I appreciate that there is a lot of fake news out there and this is not an opening for some of AB members to go on and say I told you so - I am giving you some facts. Tis all.
Answers
No best answer has yet been selected by Redhelen72. Once a best answer has been selected, it will be shown here.
For more on marking an answer as the "Best Answer", please visit our FAQ.> Mushroom suggested a vote be held - I assume he meant in Northern Ireland.
Yes, I saw that, and I said it was ridiculous and insulting. The question is about getting cat food!
But let's continue with the ridiculous sideshow and say there was a vote, and the result was "remain" (NI in the UK, that is) ... then can we actually get back to the question, which is how can redhelen get the choice of cat food she used to have?
Let's be level-headed and honest here. I have no doubt that some companies will not have wished to ship across the sea before or after Brexit. I strongly suspect the details of the UK/EU agreement as to our future relationship will have been the last straw for a further tranche of the remaining companies. So to an extent the situation in NI will have deteriorated; and to correct it, it is vital all understands the reason and then one can discuss how to solve it.
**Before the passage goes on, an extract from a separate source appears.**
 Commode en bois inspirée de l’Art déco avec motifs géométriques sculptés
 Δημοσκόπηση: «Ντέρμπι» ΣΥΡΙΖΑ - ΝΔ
I think it is blatantly obvious the major cause is the internal border within the UK, across the Irish Sea, which gives rise to more regulations and paperwork, which some companies decide is no longer worth it. Since the UK clearly negotiated on the premise that the NI border remain open to comply with the Belfast Agreement, and had zero interest in any internal UK border, it becomes clear that the push to have this internal border as a prerequisite of signing up has to have come from the EU. They not being willing to go with any sensible suggestion made, such as utilising technology, or making the checks they insisted on, on their side of the border. (One might speculate on why they were being that awkward and tried to push responsibility for their checks onto someone else, but the only plausible reason I know of was to try to penalise the nation escaping their clutches, and hoping to hold on to a part of it.)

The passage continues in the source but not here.